Emmanuel Macron a notamment été un gage de sérieux auprès de la Commission européenne

Emmanuel Macron a notamment été un gage de sérieux auprès de la Commission européenne - Éric Piermont - AFP

Le désormais ex-ministre restera comme un homme de réformes dont le bilan n'a toutefois pas donné un gros coup de fouet à l'Économie. Mais il a œuvré sur de nombreux dossiers. Parfois en coulisses.

Emmanuel Macron a désormais rendu son tablier. Le désormais ex-ministre de l'Économie a présenté ce mardi 30 août sa démission au président de la République.

Le nom d'Emmanuel Macron reste associé à celui de la loi qui porte son nom et qui, politiquement, avait clairement marqué une fracture dans le camp socialiste. Mais au-delà de ce texte, le ministre s'est également illustré dans sa politique industrielle ou via le rôle qu'il a joué dans la loi El Khomri. 

> Sa loi éponyme

Souvent qualifié de "fourre-tout" par ses détracteurs, ce texte, promulgué il y a un an, est considéré comme ayant eu un impact économique limité. "Il y avait cette idée de casser les rentes, qui était une bonne idée. Mais cela n'a pas bouleversé l'économie française", juge Éric Heyer, économiste à l'OFCE, pour qui l'effet de cette loi sur la croissance "est positif, mais marginal et inmesurable".

  • La libéralisation des autocars

Il y a néanmoins au moins une mesure dont tous s'accordent à reconnaître l'importance: la libéralisation du transport en autocar qui a permis de créer 1.500 emplois et de transporter 4 millions de passagers. Sur le seul premier trimestre 2016, la hausse du trafic était de 69% selon l'Arafer, le régulateur des transports. Le vice-président du Medef, Thibault Lanxade affirmait ainsi à l'AFP, début août, qu'il s'agissait d'un "succès". "C'était un monopole de la SNCF mais on a réussi à libérer le transport", poursuivait-il.

  • Le travail dominical

Le bilan est plutôt positif aussi concernant le travail dominical et de nuit. La loi créait des ZTI (zones touristiques internationales) permettant aux commerces d'ouvrir à la fois le dimanche et en soirée sous réserve d'accords avec les syndicats. De grands accords ont été signés dans deux branches (la bijouterie, le luxe) ainsi que dans des grandes entreprises (Etam, Darty, Zara) et certains magasins, comme les Galeries Lafayette et le BHV. En revanche, les discussions achoppent encore à la Fnac.

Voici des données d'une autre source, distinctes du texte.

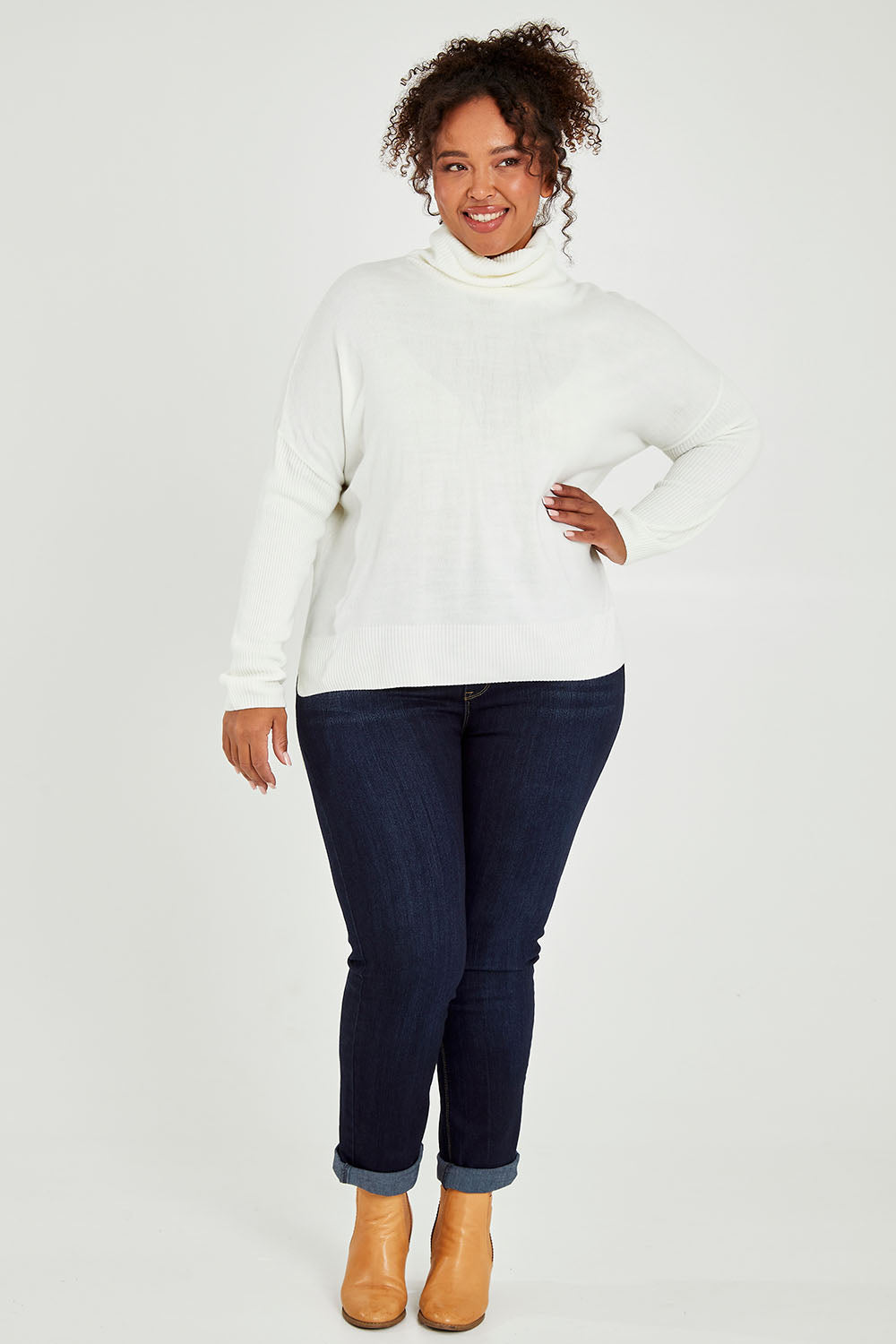 Model Alexis wearing size XL of The Essential Soft High Low Jumper in colour Snow (White), from the front, showing the whole outfit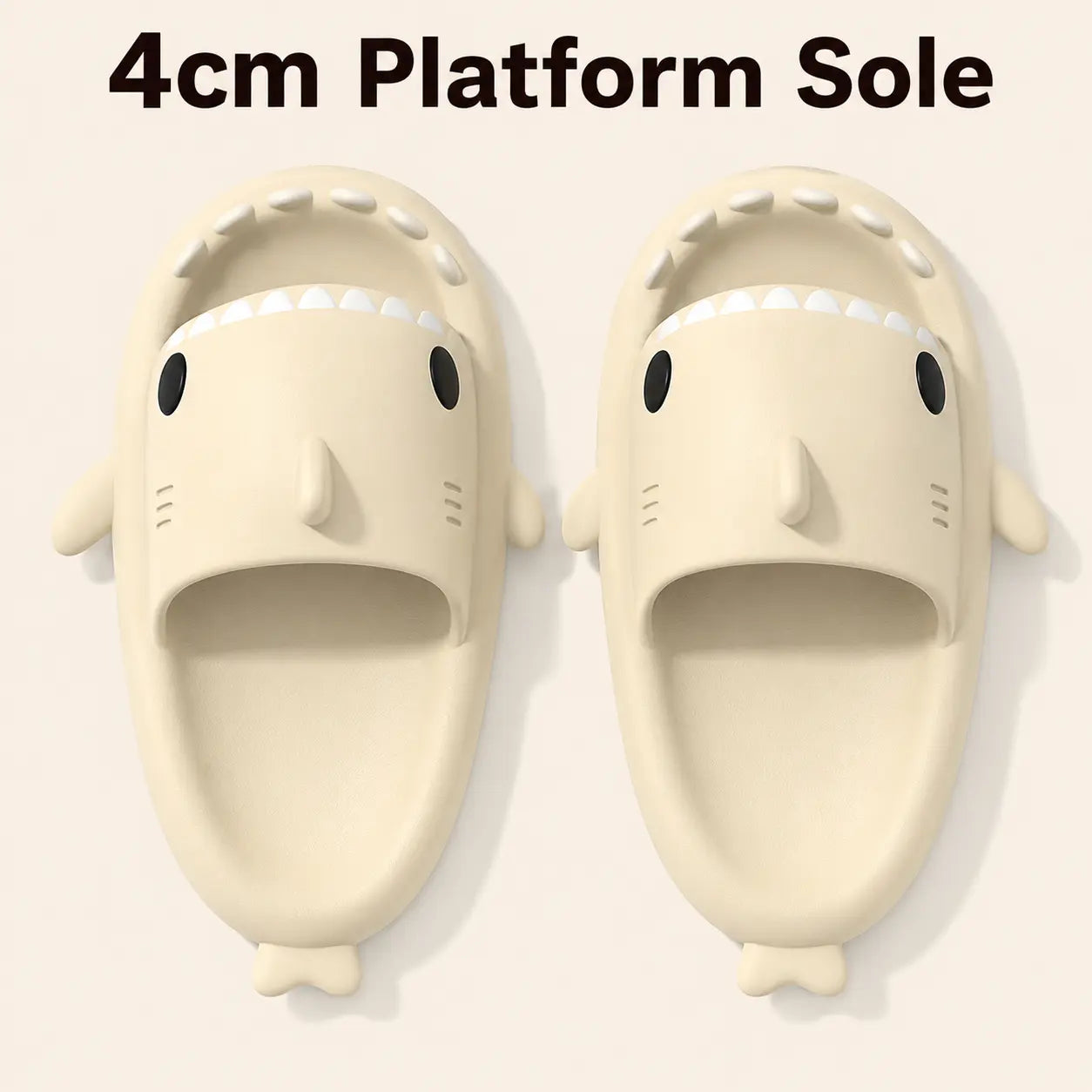 Pair of shark-shaped slippers with a 4cm platform sole on a light gray background.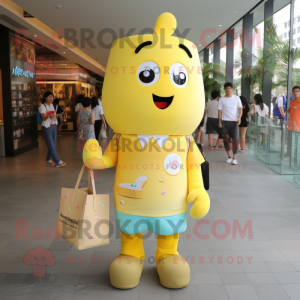 Yellow Ice Cream mascot costume character dressed with a Button-Up Shirt and Tote bags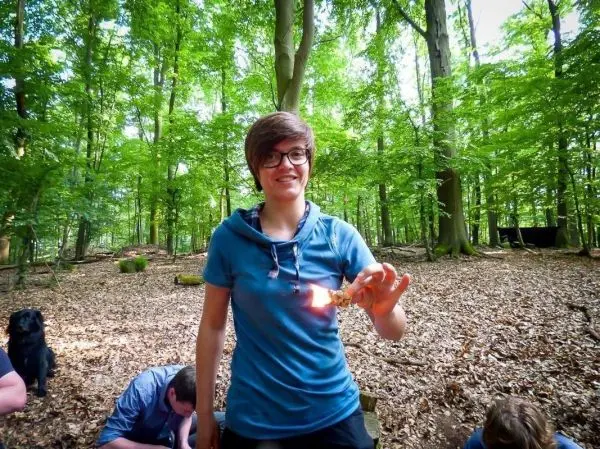 Kleine Flamme in Hand, umgeben von Wald und Laub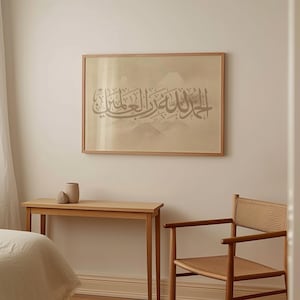 May include: A framed artwork featuring Arabic calligraphy in a light brown tone is displayed on a cream wall. The artwork is in a wooden frame. A wooden table and chair are positioned in front of the wall. A vase with two decorative stones is on the table.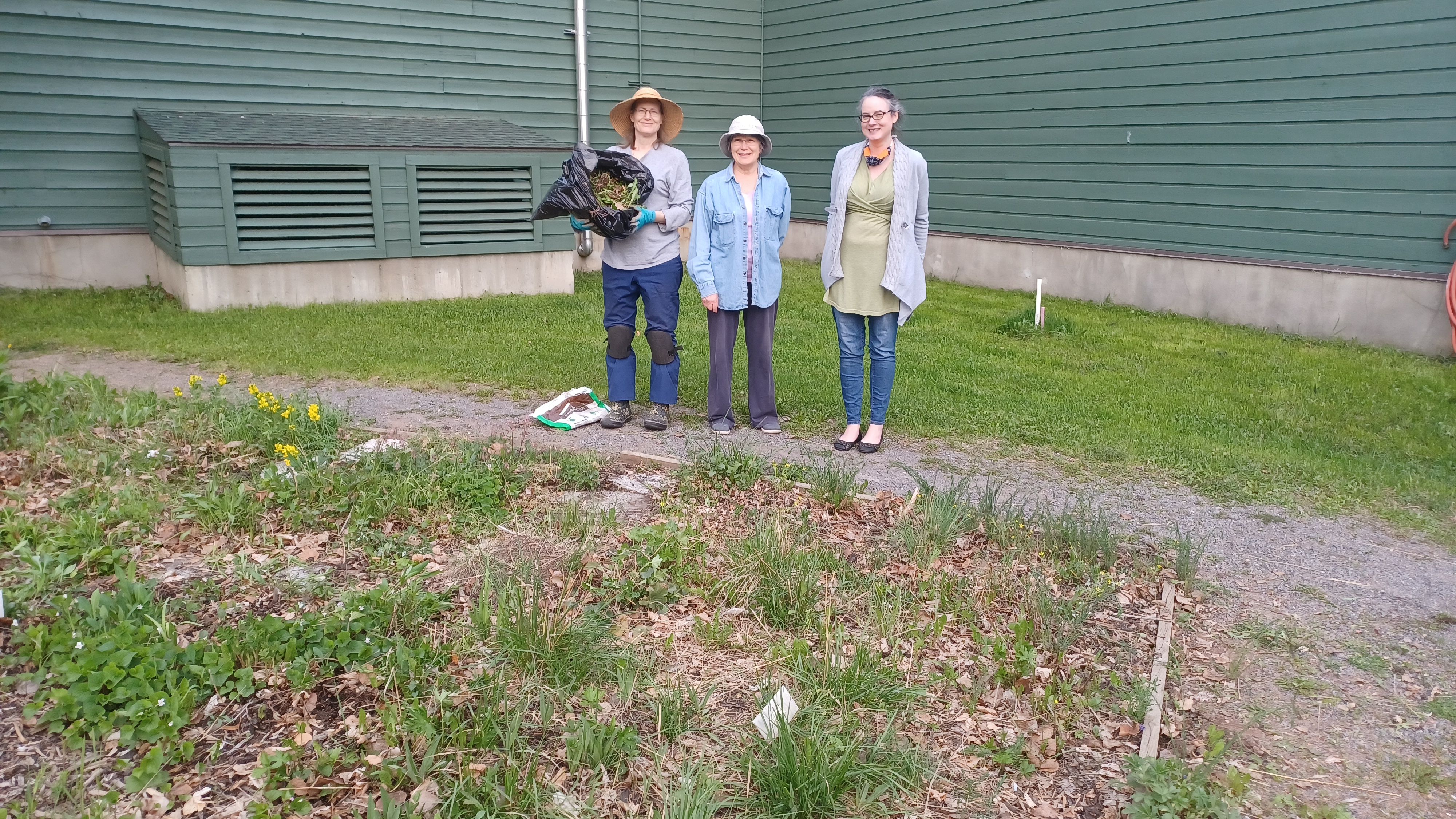 image of volunteers with a bag of weeds standing behind a native plant bed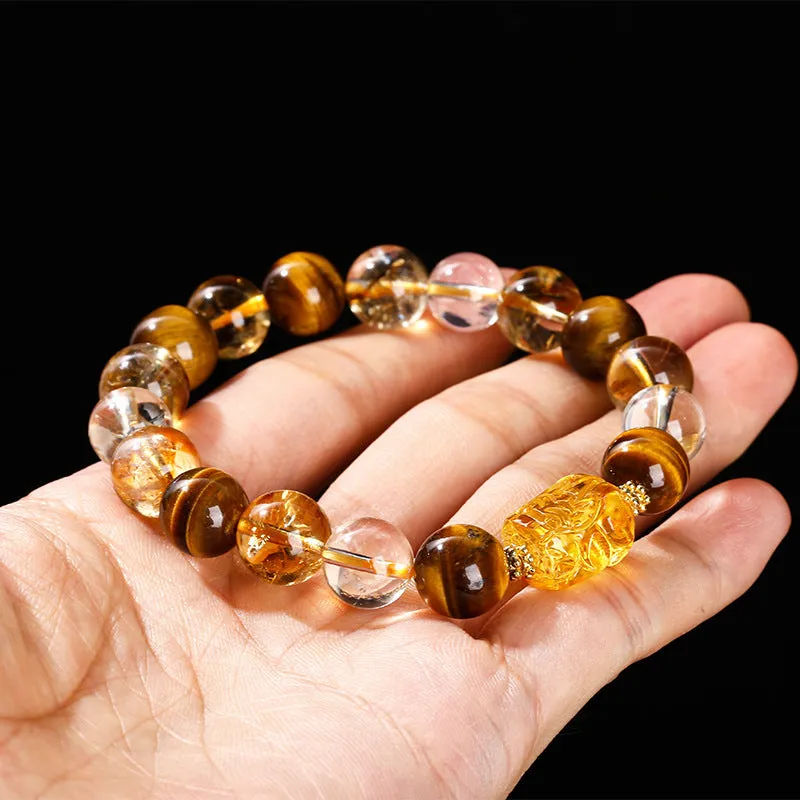 5A natural yellow tiger's eye and citrine bracelet with 10mm geometric beads and a beeswax pi xiu charm.
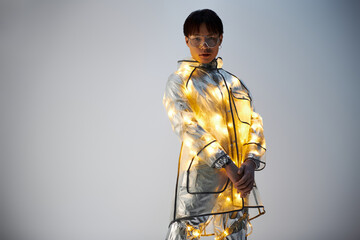 Stylish young Asian man showcases modern fashion with illuminated outfit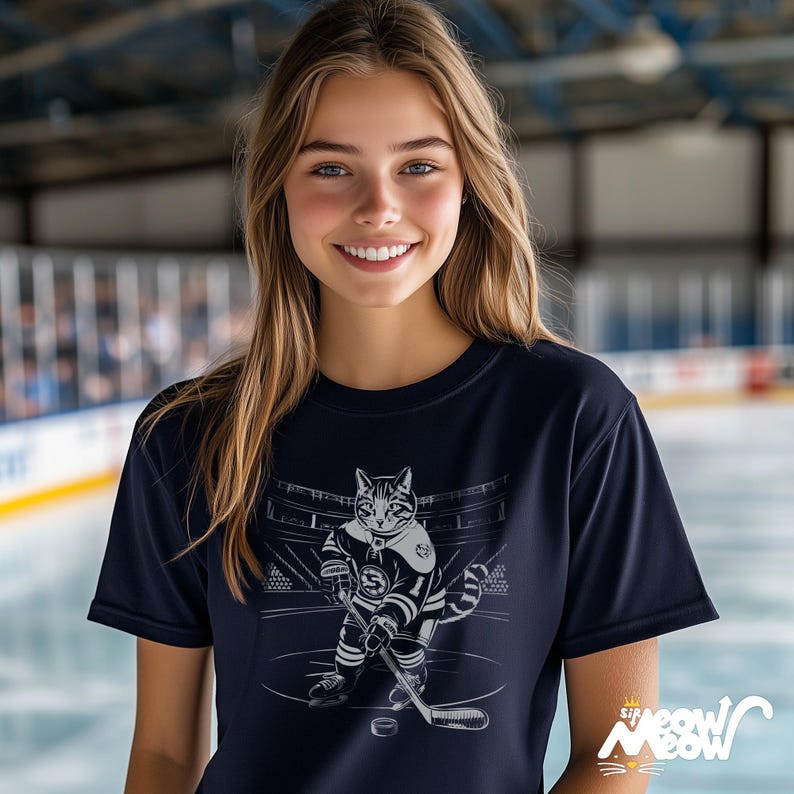 Op de afbeelding: Een vrouw draagt een donkerblauw t-shirt met een afbeelding van een kat die hockey speelt. De kat draagt een hockeytrui met nummer 31. De afbeelding is in zwart-wit en de tekst op het shirt zegt "Sir Meow Meow".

La loi Macron permettait aussi aux maires d'accorder jusqu'à 12 ouvertures dominicales aux commerces de leur ville. Un succès a priori, puisque selon les chiffres du ministère de l'Économie communiqués en juillet, un quart des édiles des 70 plus grandes villes de France ont donné le maximum d'autorisations et 43% d'entre eux ont accordé plus de dimanches que l'an passé.

  • La liberté d'installation

La loi Macron facilitait également la liberté d'installation des notaires. À ce titre, l'Autorité de la concurrence avait publié en juin dernier une proposition de carte avec les villes où les notaires peuvent s'installer librement. Elle recommandait alors l'installation de 1.650 nouveaux notaires d'ici à 2018, soit une hausse de 20%.

> Sa contribution à la loi El Khomri

Le ministre de l'Économie aurait dû présenter un autre projet de loi appelé NOÉ (pour "nouvelles opportunités économiques") qui finalement sera fusionné avec la loi El Khomri. "Ce qui est important ce n'est pas tant le flacon que son contenu", fait alors valoir Emmanuel Macron.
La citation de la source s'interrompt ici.